# PROVIDED MATERIAL:
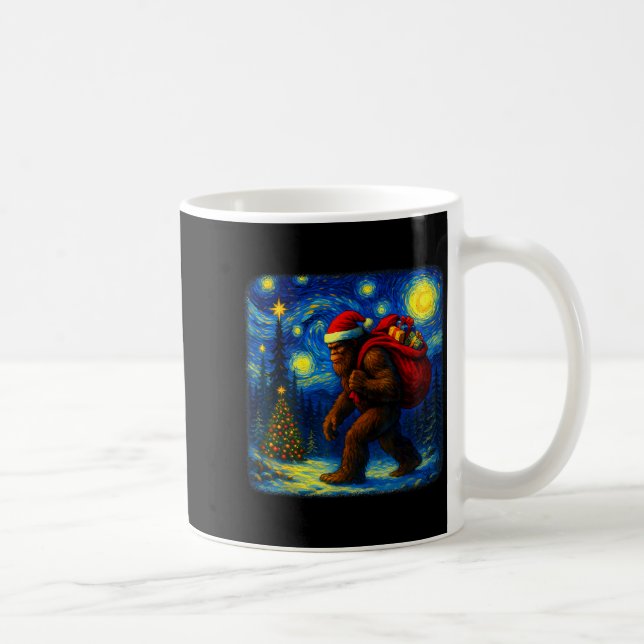 Bigfoot Santa Christmas Starry Night Sasquatch Van Kaffemugg (Höger)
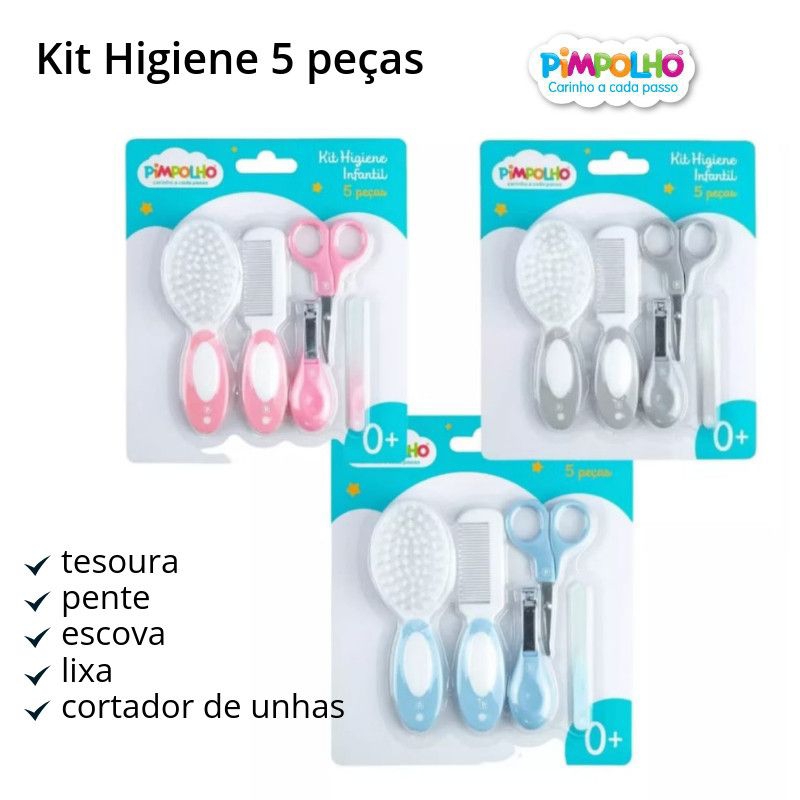 Kit Higiene 5 peças para o cuidado  do  Bebê Pimpolho 5 peças 9260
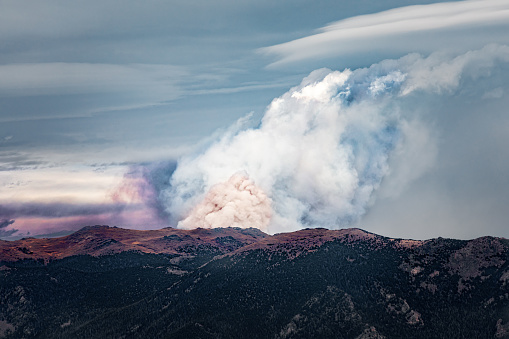 Wild fires in the Rocky Mountains, northern Colorado wildfires with huge smoke clouds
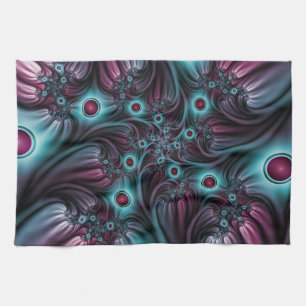 Into the Depth Blue Pink Abstract Fractal Art Kitchen Towel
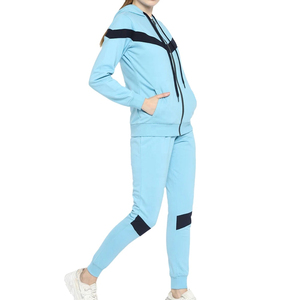 Conjunto de chándal Jogger de felpa de alta calidad, pantalones de chándal de dos piezas personalizados para mujer y conjunto de sudadera con cremallera recortada - Product Image 1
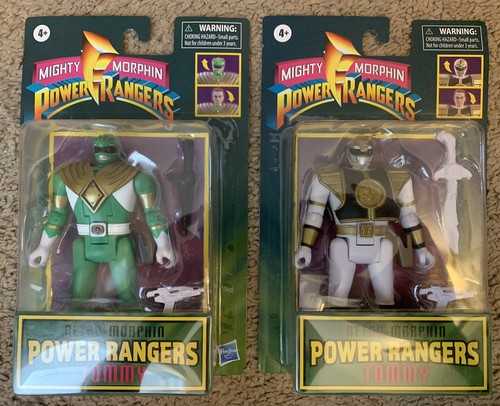 Hasbro Retro MMPR White Ranger & Green Ranger Tommy Jason David JDF New In Box - 第 1/2 張圖片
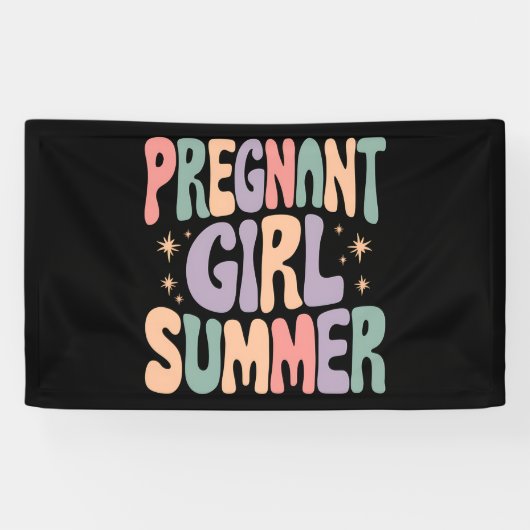 Schwangerschaft Reveal Schwangere Mädchen Sommer B Banner (Horizontal)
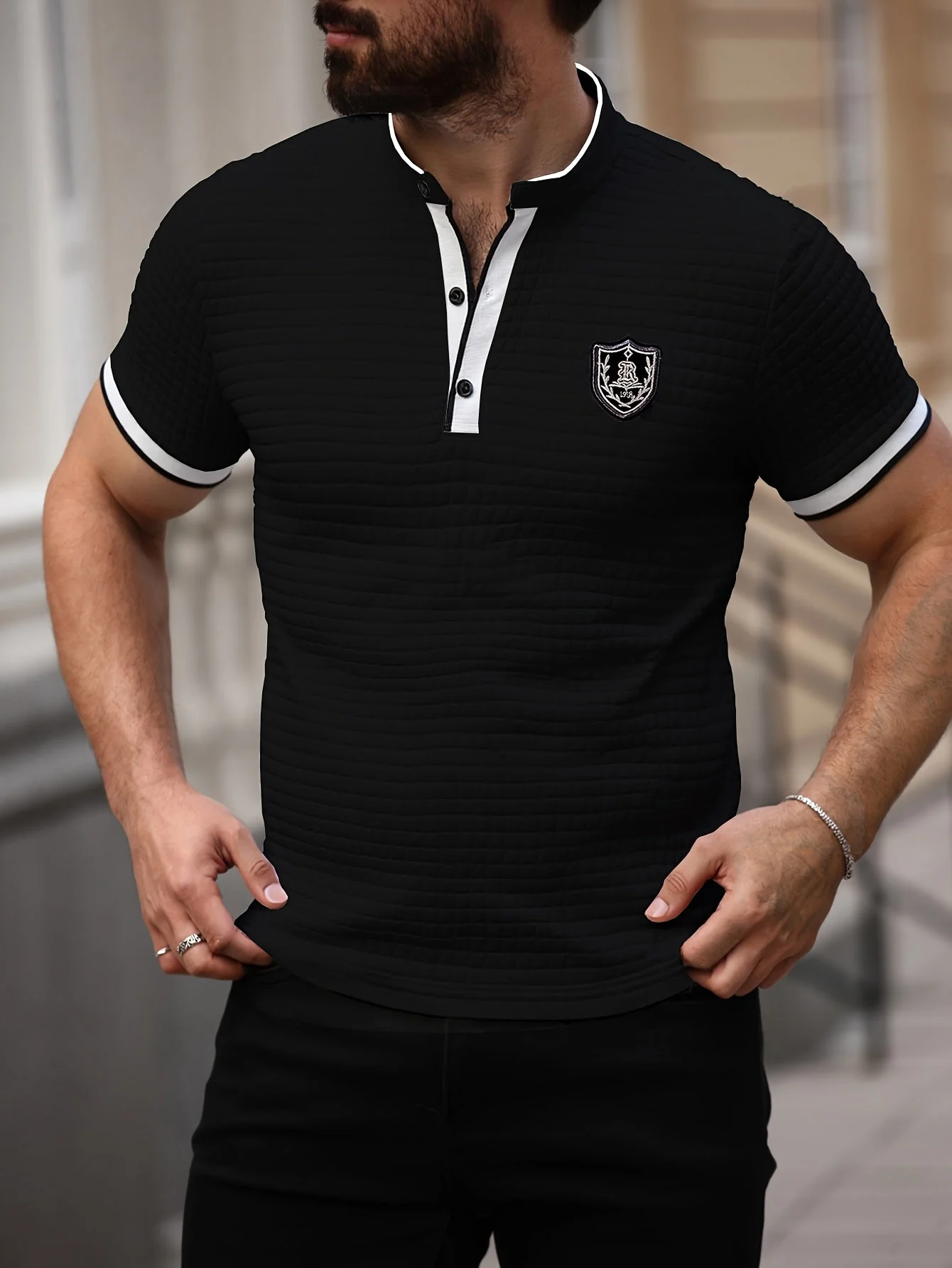 Herren Polo Shirt Modern Casual mit Stehkragen und Knopfleiste – Stilvolles Freizeitshirt - Image 4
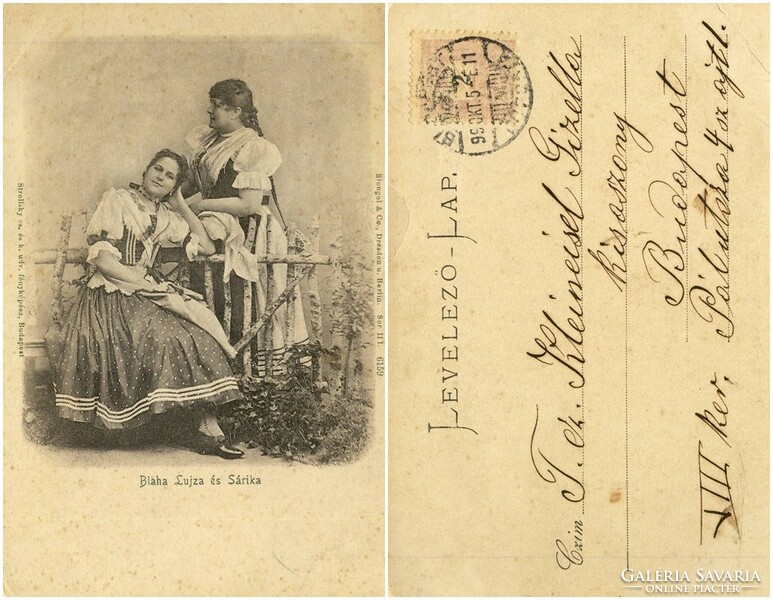 Régi képeslap - Blaha Lujza és Fedák Sári 1899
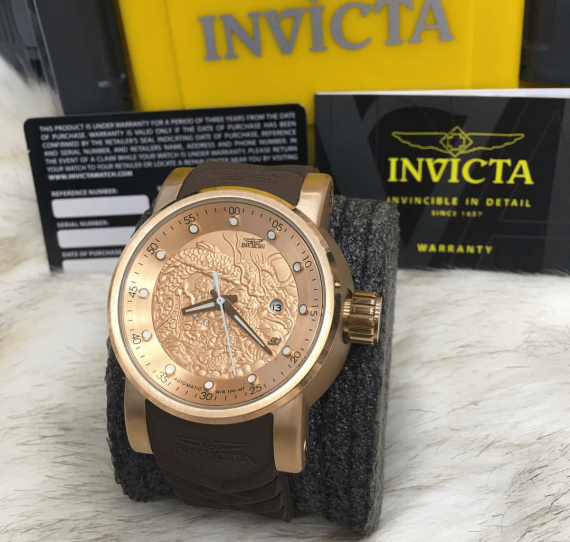 Relógio Invicta Yakuza Automatico AAA+ Marrom com Rose19546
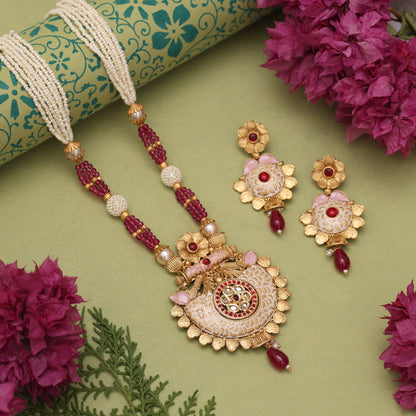 Rani Color Matte Gold Meenakari Necklace Set (MKN615RNI) - Preyans.com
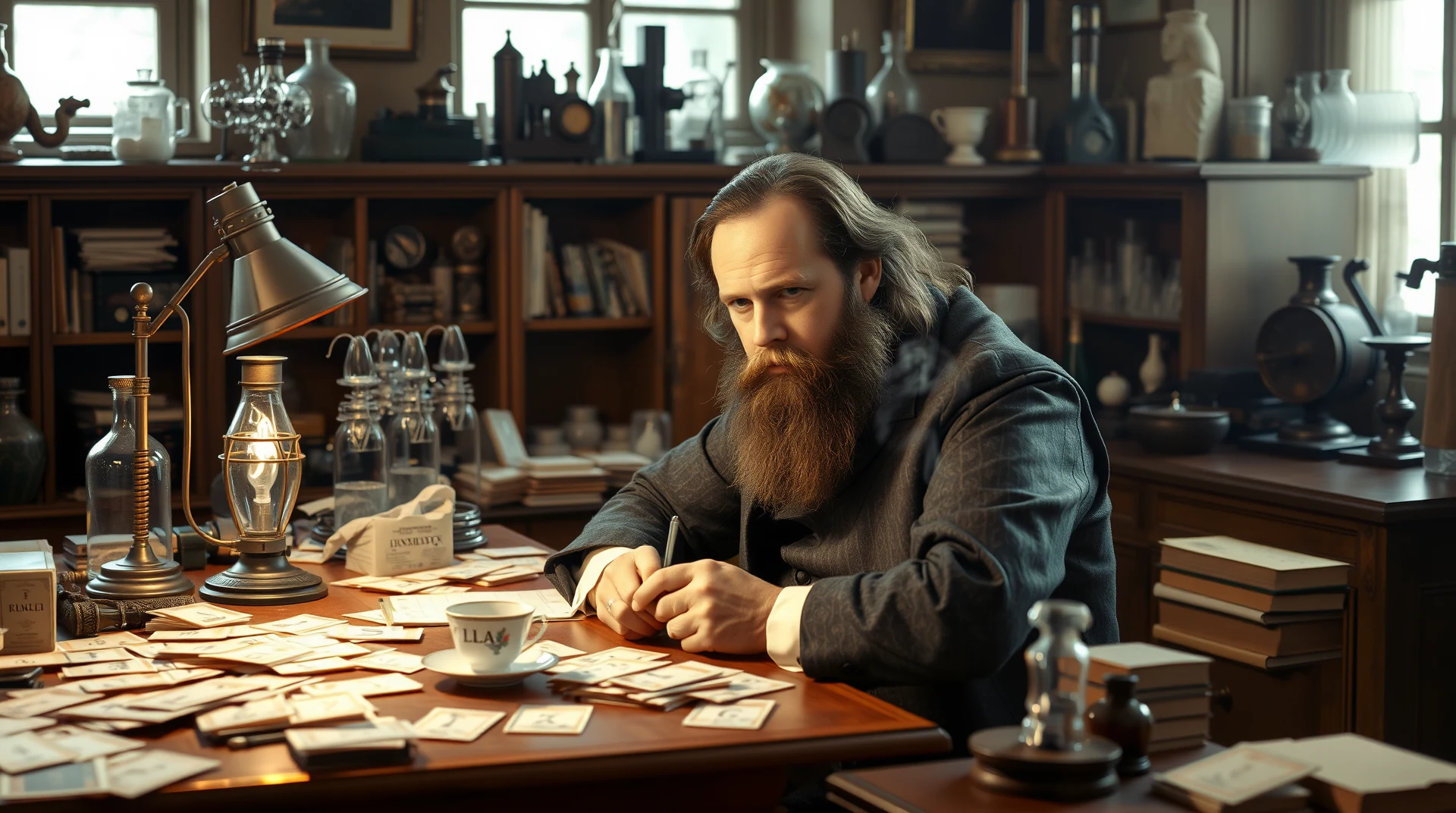 A Russian chemist with long hair and a beard sits at a desk cluttered with papers, a lamp, and scientific apparatus, writing in a notebook as he sketches a table of elements with three deliberate blanks.
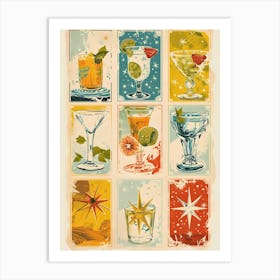 Vintage Cocktails Art Print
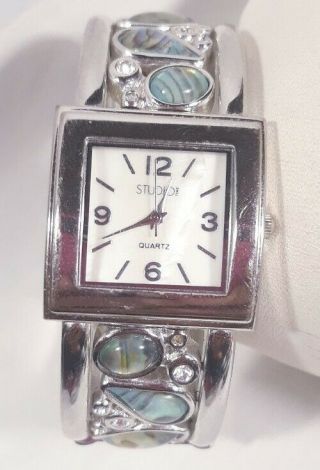 Women Studio Watch Std2755 Abalone Accent Bangle Band Silver Case White Mop Face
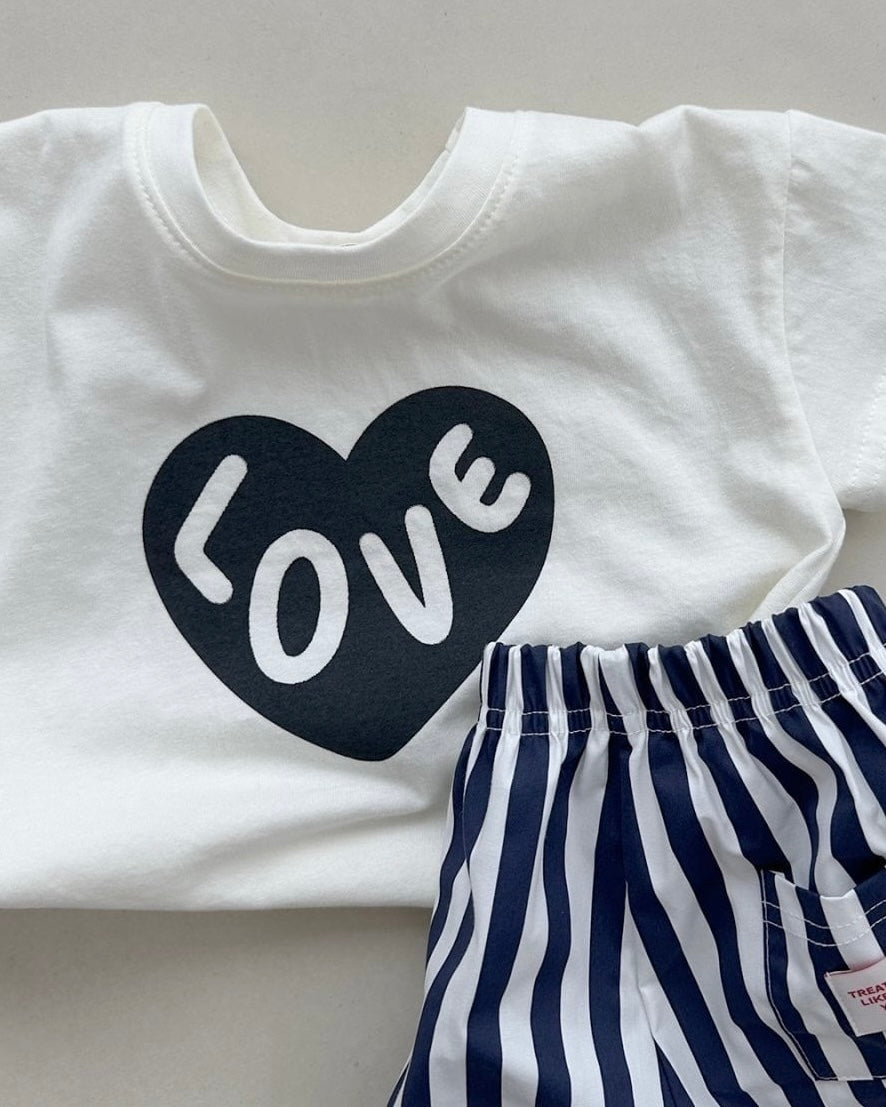 [BLACKBEAN]heart T-shirt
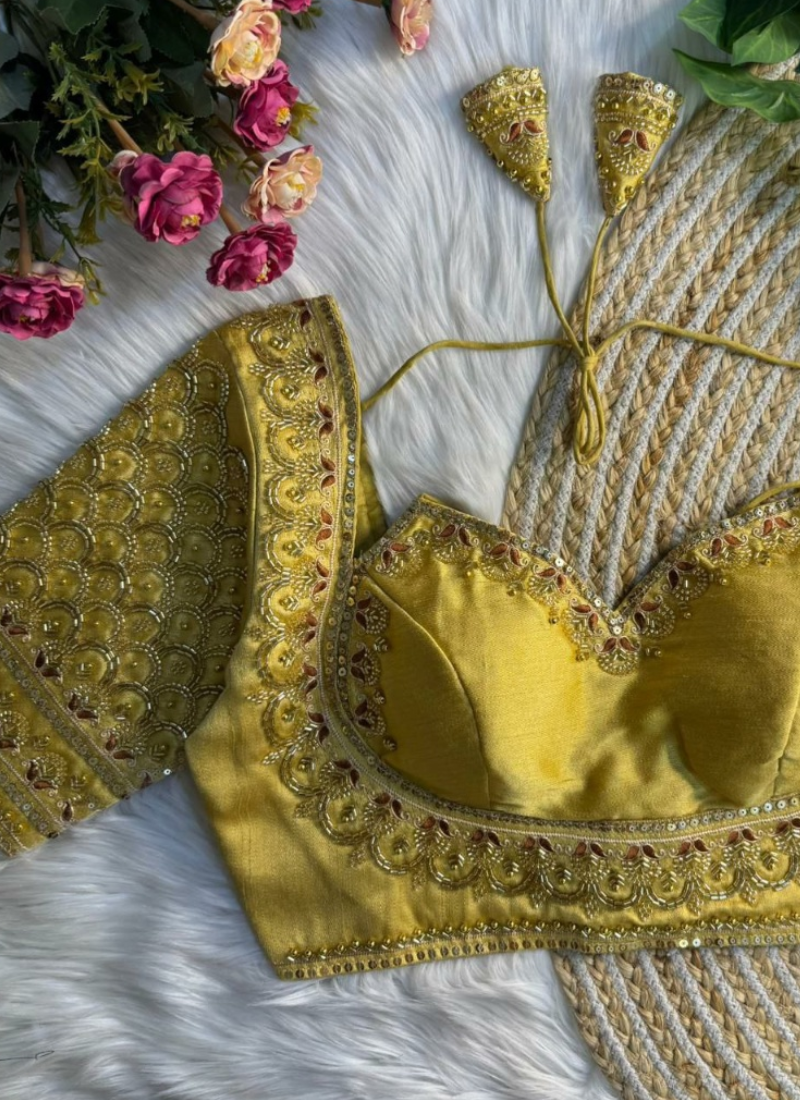 Italian Silk Women’s Blouse with Sequins & Handwork Partywear Design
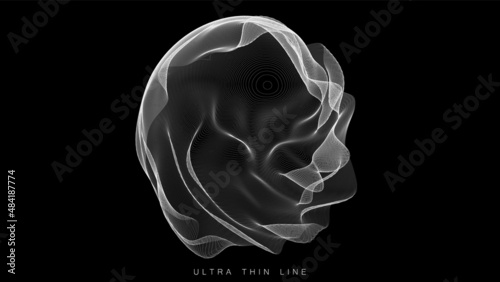 Distorted line spheres. Vector thin line glitch geometry.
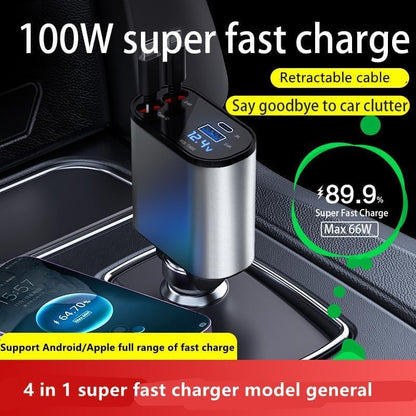 Fast USB C Retractable Car Charger LED digital display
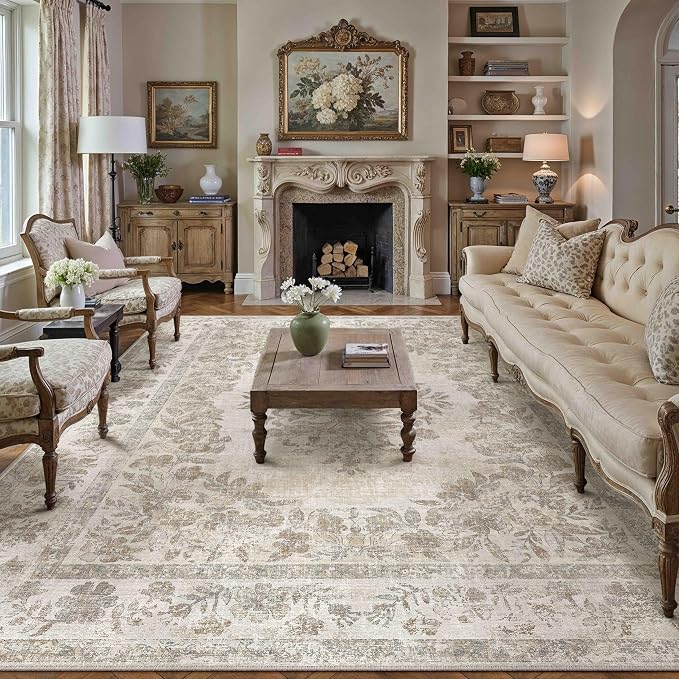 7x9 Washable Area Rug Living Room Cream Beige Vintage Large Carpet | Soft Low Pile, Non Slip, Stain Resistant, Floral Medallion, Neutral Retro Decor for Bedroom, Dining Room, Kids Room, Office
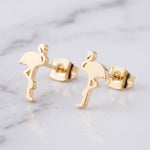 Lundholm Mingo gouden flamingo oorbellen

# WHAT YOU WILL DO:
Take the listing and print it again exactly, but without any pictures.

# RESPONSE BELOW:
 Bigfoot Santa Christmas Starry Night Sasquatch Van Kaffemugg (Höger)
 Kit Higiene 5 peças para o cuidado  do  Bebê Pimpolho 5 peças 9260
 Wild fires in the Rocky Mountains, northern Colorado wildfires with huge smoke clouds
 Into the Depth Blue Pink Abstract Fractal Art Kitchen Towel
 Conjunto de chándal Jogger de felpa de alta calidad, pantalones de chándal de dos piezas personalizados para mujer y conjunto de sudadera con cremallera recortada - Product Image 1
 Hasbro Retro MMPR White Ranger & Green Ranger Tommy Jason David JDF New In Box - 第 1/2 張圖片
 Schwangerschaft Reveal Schwangere Mädchen Sommer B Banner (Horizontal)
 Herren Polo Shirt Modern Casual mit Stehkragen und Knopfleiste – Stilvolles Freizeitshirt - Image 4
 Régi képeslap - Blaha Lujza és Fedák Sári 1899
 Relógio Invicta Yakuza Automatico AAA+ Marrom com Rose19546
 Rani Color Matte Gold Meenakari Necklace Set (MKN615RNI) - Preyans.com
 A Russian chemist with long hair and a beard sits at a desk cluttered with papers, a lamp, and scientific apparatus, writing in a notebook as he sketches a table of elements with three deliberate blanks.
 Vintage Cocktails Art Print
 Women Studio Watch Std2755 Abalone Accent Bangle Band Silver Case White Mop Face
 [BLACKBEAN]heart T-shirt
 Italian Silk Women’s Blouse with Sequins & Handwork Partywear Design
 Distorted line spheres. Vector thin line glitch geometry.
 Fast USB C Retractable Car Charger LED digital display
 7x9 Washable Area Rug Living Room Cream Beige Vintage Large Carpet | Soft Low Pile, Non Slip, Stain Resistant, Floral Medallion, Neutral Retro Decor for Bedroom, Dining Room, Kids Room, Office
 Lundholm Mingo gouden flamingo oorbellen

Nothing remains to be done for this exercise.